"We want to have them back safe and sound. Their children, spouses, parents, siblings and loved ones are anxious and waiting for them to come home."

No word

The ICRC said it has not heard from the three captives since Monday.

Jesus Verzosa, head of the national police, said he has received information that the victims are unharmed but he declined to give more details.

"We are negotiating and we're trying our best to ensure the safety of the hostages as we have always been doing in other incidents," he said.

Police are co-ordinating closely with soldiers who are searching jungle territory in the interior of southern Jolo island for signs of the ICRC workers and their captors, he said.

Julasirim Kasi, police chief on Jolo, told Reuters news agency that the kidnapping was believed to be led by Albader Parad, a senior leader of the Abu Sayyaf group.

Abu Sayyaf, which has been linked to Jemaah Islamiyah (JI) and is believed to be sheltering people suspected of involvement in the 2002 Bali bombings, has a notorious reputation for kidnapping.

Jolo, a majority Muslim island about 950km south of Manila, was once portrayed as a success story in the Philippine military's battle to flush out the Abu Sayyaf but the group has since resumed kidnappings and decapitations.

Meanwhile, the military's relations with the locals have deteriorated due to operations that have forced villagers from their homes.

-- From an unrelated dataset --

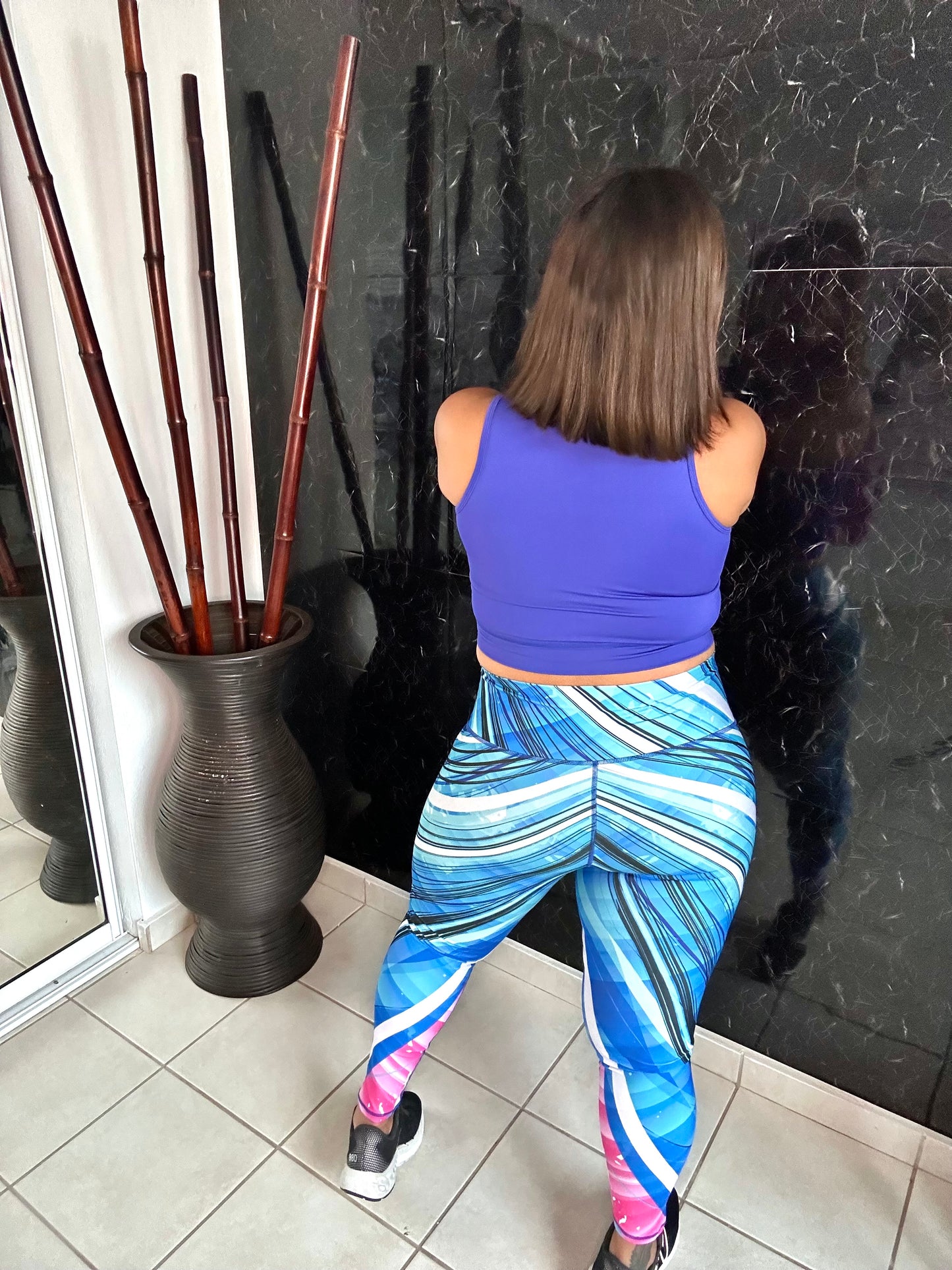 Legging Sublimado Azules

Despite American military training and assistance, including dozens of US troops stationed in Jolo, Abu Sayyaf fighters have abducted several people on Jolo and nearby Basilan island in recent months.

So far, all the abductees have been released, usually after a ransom has been paid.

Philippine officials have said they believe the group is resorting to ransom kidnappings because it is running out of funds.